In Rosa S., the first dependency was due to the mother’s arrest on drug charges and child endangerment. (Rosa S., supra, 100 Cal.App.4th at pp. 1183-1184.) The second dependency was due to abandonment and renewed substance abuse. (Id. at p. 1184) The juvenile court denied services on the basis that the mother had already received 18 months of reunification services in a previous dependency proceeding in which she successfully reunified with her child. (Id. at pp. 1185-1186, 1188.) Rosa S. held this was error because the current dependency proceeding was a new proceeding, not merely a continuation of the prior matter, and “none of the [section 361.5, subdivision (b)] exceptions authorizes the denial of services based on a previous dependency where reunification was successful.” (Id. at p. 1188.)

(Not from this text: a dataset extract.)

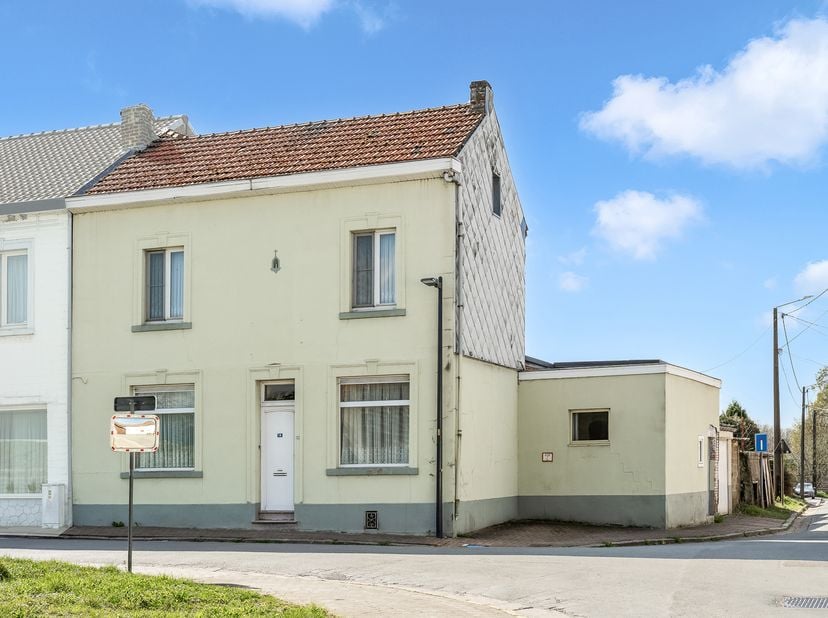 Halfopen, te renoveren gezinswonig met maar liefst 4 slaapkamers en garage gelegen in het landelijke Zichen-Zussen-Bolder. Deze groene deelgemeente va
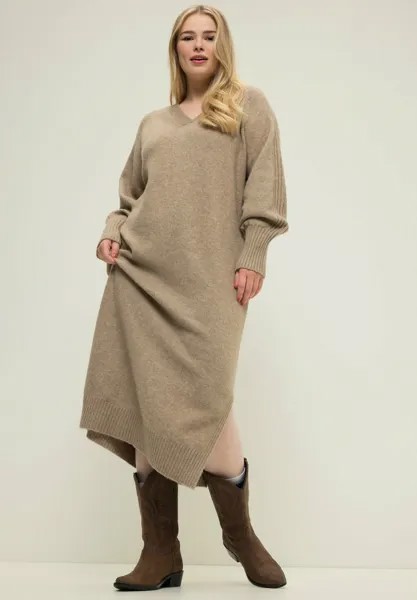 Трикотажное платье Loose Fit Struktur V-Ausschnitt Реглан Studio Untold, цвет beige gray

But unlike this case, Rosa S. did not involve physical or sexual abuse and the court did not consider the denial of services under section 361.5, subdivision (b)(3). Rather, it addressed a decision not to provide services merely because the mother had previously had 18 months of services. No attempt was made to establish one of the exceptions to services in section 361.5, subdivision (b). Here, the exception under section 361.5, subdivision (b)(3) applies. In light of this conclusion, it is unnecessary to address mother’s challenge to the court’s denial of services under section 361.5, subdivision (b)(10).

DISPOSITION

The petition and request to stay the permanency hearing are denied.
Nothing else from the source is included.